Conceptual design is fluid and iterative, with a lot of feedback. Perhaps in the near future we’ll look at some of the conceptual design drivers, a few of which are depicted in the accompanying graphic. (So what’s missing?)
If you look at weapons through history, you can observe certain long-term trends. For example, individual weapns have gotten lighter, lower-caliber, and fired higher-velocity ammunition ever since the introduction of the matchlock, and they have fired more rounds faster ever since the introduction of the percussion cap in the early nineteenth Century.
Kevin was a former Special Forces weapons man (MOS 18B, before the 18 series, 11B with Skill Qualification Indicator of S). His focus was on weapons: their history, effects and employment. He started WeaponsMan.com in 2011 and operated it until he passed away in 2017. His work is being preserved here at the request of his family.
3 thoughts on “What Goes In to Weapons Design”
An interesting and important discussion. Unfortunately, the designers sometimes don’t speak enough with the end-users during the process. Then the evolution to ‘great weapon’ or revelation of a real turkey takes longer. The guys who test a weapon on the range don’t see the stuff that bothers the guys in the field.
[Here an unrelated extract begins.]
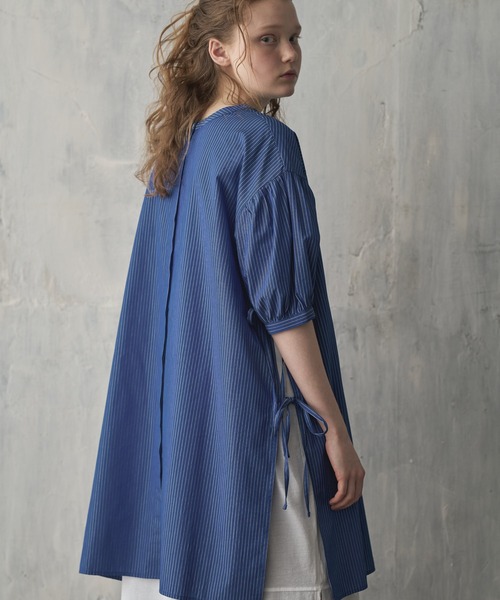PUAL CE CIN（ピュアルセシン）の「【Du noir】ストライプサイドリボン チュニック（チュニック・レディース・ホワイト系/サックスブルー系・FREE）」の2枚目の写真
This holds true for other items like clothing and load bearing gear. It’s one thing to customize your gear; it’s another to have to replace it out-of-pocket because the issued gear design doesn’t do the job you need it to do. And it really helps when the original ‘dreamer’/concept guy has been there and done what he wants to accomplish better. I understand that Israeli tank crews really liked the Merkava when it came out. That was partly due to the fact that the designer, General Tal, was a tank soldier and cared about the crewmen’s concerns, safety, and comfort.
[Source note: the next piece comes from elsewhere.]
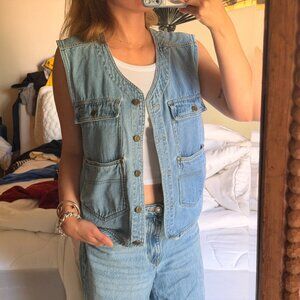 Vintage Denim Utility Vest – Unique Pocket Design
That’s a good comment, and there are other positive examples. Many successful weapons designers have been soldiers, from Hiram Berdan to Mikhail Kalashnikov. But the AR-10’s conceptual design came from a lawyer, and was made practical by a professional engineer (well, a team of engineers).
And John Browning was not much of an end user or military weapons. Although his son Val, an Army officer in WWI, gave him a feedback loop, that was near the climax of JMB’s already long and illustrious career.
To make a revolutionary advance, you have to be able to walk away from your installed base and make something so insanely great that they follow you. You have to beat your best previous product. (This is the secret of Jobs and Apple, beginning with the first commercial graphic interfaces when they were the dominant computer maker in the world with the Apple II). As Napoleon said of war, “all the important things are very simple. But all the simple things are hard!” Most designers are better off aiming for an evolutionary, not revolutionary, step. After all, most revolutions fail (and the revolutionaries are put to the sword).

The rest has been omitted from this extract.